Originally envisioned as a business selling advertising on takeaway lunch-boxes, the founders of GoGoVan soon switched to logistics when they discovered how hard it could be to book delivery drivers through Hong Kong’s dispatch centres. GoGoVan’s app connects users with 18,000 registered drivers and has expanded to Singapore. In August 14, the company secured US$6.5 million in a Series A funding round led by Centurion Investment Management.


Insight Robotics

Hong Kong-based firefighting robot firm Insight Robotics has developed a wildfire detection system combining thermal imaging and artificial intelligence technology to spot fires. Insight Robotics’ systems are already in use in five provinces and seven cities across mainland China. The company was founded in 2009 and announced in November it had secured US$2 million in Series A funding from investors including Bright Success Capital, and Caldera Capital Partners.



Vitargent uses fish embryos to test food, cosmetics or other consumer goods for contaminants and toxins. Founded in 2010 and based out of the Hong Kong Science and Technology Park, the company claims it can screen for more than 1,000 toxins at once compared to the five to 10 toxins for existing technology. In March, Vitargent closed Series A funding from California-base venture capital firm WI Harper for an unknown sum.



In a city plagued by tiny living spaces, on-demand box storage start-up Boxful offers a solution by picking up a customer’s belongings from their homes to be stored in warehouses and returned when needed. Founded in October last year, Boxful’s services start at HK$49 a month for a standard box which holds up to 20 pairs of shoes. Boxful raised $1.5 million for the venture from unnamed angel investors and has recently launched a major MTR advertising campaign.

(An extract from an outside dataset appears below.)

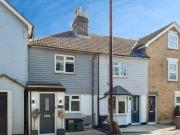 Maidstone Road, Hadlow, 2 Bedroom Cottage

Launched in August 2014, Sensbeat is a mobile app which allow users to share their moods through music and photographs. Sensbeat’s founders are graduates of the Hong Kong University of Science and Technology and became the city’s first student-led start-up to secure US$500,000 in seed funding. They went on to receive an additional US$500,000 from HeungKong Group. In January, Sensbeat joined the Plug and Play three-month accelerator in Silicon Valley, which has become a hub for international talent.